Dans son nouvel espace du 18, rue de la Préfecture, Trésors Publics redonne plus que jamais du sens à la notion du bien commun, à partager ou offrir pour quelques euros. Comme en écho à la mémoire de cette adresse, autrefois le 1, rue de la Lumière, infusée de l’esprit des Lumières et de la Révolution française et jadis propriété de Charles Lauberg, président de l’éphémère République de Naples aux idéaux démocratiques. Il n’y a pas de hasard.

Le 18, rue de la Préfecture à Nice ou 1, rue de la Lumière à la Révolution © Marie Genin_FeuilletonsLe 18, rue de la Préfecture à Nice ou 1, rue de la Lumière à la Révolution © Marie Genin_Feuilletons

Nos Repérages Hebdo
909. L’équation de la matière première secondaire

L’école n’a pas fait de Léo et Romain des chercheurs en chimie des matériaux. En revanche, elle a forgé leur binôme qui les a conduits – chose intéressante – à formuler leur propre théorie de la matière première secondaire, qui s’écrit 909 et se prononce “neuf sans neuf”, définissant leur vision circulaire de la mode (qu’ils ont préférée à la chimie).
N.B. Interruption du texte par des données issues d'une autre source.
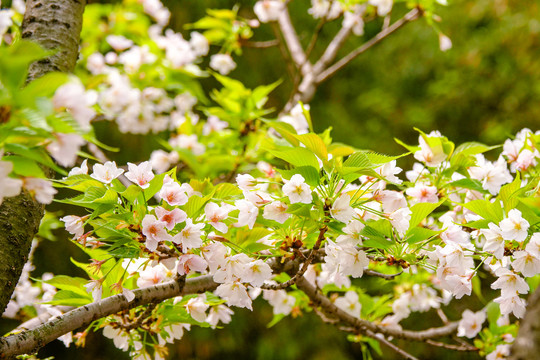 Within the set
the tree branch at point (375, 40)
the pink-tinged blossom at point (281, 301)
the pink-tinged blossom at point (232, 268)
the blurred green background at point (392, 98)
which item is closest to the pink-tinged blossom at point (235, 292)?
the pink-tinged blossom at point (232, 268)

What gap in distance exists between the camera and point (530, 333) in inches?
20.0

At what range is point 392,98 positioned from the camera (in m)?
4.10

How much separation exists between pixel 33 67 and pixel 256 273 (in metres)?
0.62

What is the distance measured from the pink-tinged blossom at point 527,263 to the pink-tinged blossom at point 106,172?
0.67m

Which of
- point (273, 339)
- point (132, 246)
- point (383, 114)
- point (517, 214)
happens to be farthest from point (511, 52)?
point (132, 246)

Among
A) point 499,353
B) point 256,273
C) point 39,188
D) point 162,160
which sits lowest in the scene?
point 499,353

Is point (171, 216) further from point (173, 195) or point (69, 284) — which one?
point (69, 284)

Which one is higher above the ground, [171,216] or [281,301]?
[171,216]

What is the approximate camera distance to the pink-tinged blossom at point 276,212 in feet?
2.64

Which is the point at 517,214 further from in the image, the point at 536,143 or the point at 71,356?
the point at 71,356

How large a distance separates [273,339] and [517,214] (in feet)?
8.84

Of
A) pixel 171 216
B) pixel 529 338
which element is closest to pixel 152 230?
pixel 171 216

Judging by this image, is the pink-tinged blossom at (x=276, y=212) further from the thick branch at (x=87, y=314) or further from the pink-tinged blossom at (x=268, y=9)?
the pink-tinged blossom at (x=268, y=9)

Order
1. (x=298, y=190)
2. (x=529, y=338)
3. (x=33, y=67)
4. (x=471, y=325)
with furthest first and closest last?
(x=471, y=325) < (x=33, y=67) < (x=298, y=190) < (x=529, y=338) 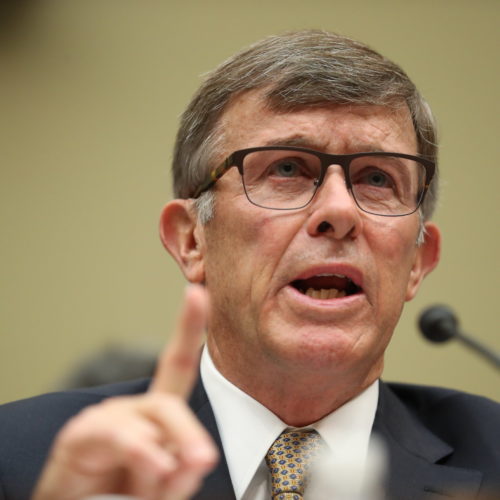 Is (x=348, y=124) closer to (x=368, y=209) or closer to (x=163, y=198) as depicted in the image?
(x=368, y=209)

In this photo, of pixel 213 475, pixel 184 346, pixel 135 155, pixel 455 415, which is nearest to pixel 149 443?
pixel 184 346

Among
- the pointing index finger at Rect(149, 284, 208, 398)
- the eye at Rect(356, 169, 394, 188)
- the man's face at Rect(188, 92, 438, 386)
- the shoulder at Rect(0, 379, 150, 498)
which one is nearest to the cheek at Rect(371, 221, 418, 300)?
the man's face at Rect(188, 92, 438, 386)

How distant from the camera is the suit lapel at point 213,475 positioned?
1659 millimetres

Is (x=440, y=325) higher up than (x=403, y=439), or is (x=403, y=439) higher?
(x=440, y=325)

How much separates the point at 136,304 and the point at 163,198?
1.68ft

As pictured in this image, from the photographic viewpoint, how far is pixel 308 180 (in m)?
1.83

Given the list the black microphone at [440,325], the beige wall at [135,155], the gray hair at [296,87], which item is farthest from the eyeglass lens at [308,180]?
the beige wall at [135,155]

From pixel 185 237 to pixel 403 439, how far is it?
744mm

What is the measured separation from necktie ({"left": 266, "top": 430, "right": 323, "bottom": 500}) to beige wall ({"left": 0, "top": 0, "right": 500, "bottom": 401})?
5.75 ft

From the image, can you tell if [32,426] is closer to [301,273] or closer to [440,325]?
[301,273]

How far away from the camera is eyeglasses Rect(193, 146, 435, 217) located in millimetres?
1794

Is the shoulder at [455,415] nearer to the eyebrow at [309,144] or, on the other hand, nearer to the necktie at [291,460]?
the necktie at [291,460]

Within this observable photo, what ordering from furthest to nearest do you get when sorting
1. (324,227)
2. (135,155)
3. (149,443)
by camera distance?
(135,155) → (324,227) → (149,443)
En d’autres termes, comment fabriquer un vêtement neuf sans produire de matière nouvelle. L’idée leur est apparue, confinée dans un obscur garage stéphanois, un jour de 2020 où la planète à l’unisson est en quête de sens. Une toile de tente, un morceau de drap, matériaux d’apparence fruste dont ils comprennent rapidement le potentiel. Imperméable, coupe-vent, légère, la toile de tente, une fois soigneusement nettoyée et découpée, retrouve ses propriétés intactes et devient une softshell qui a fière allure. Le coton, lui, qui dort par rouleaux entiers, pour peu qu’il soit biologique, leur inspire une ligne de T-shirts sérigraphiés. Désormais dotés d’une solide formation, Romain et Léo, respectivement responsables du studio et de l’atelier 909, livrent leurs premières pièces confectionnées main et numérotées en attendant leurs nouvelles équations de la matière.    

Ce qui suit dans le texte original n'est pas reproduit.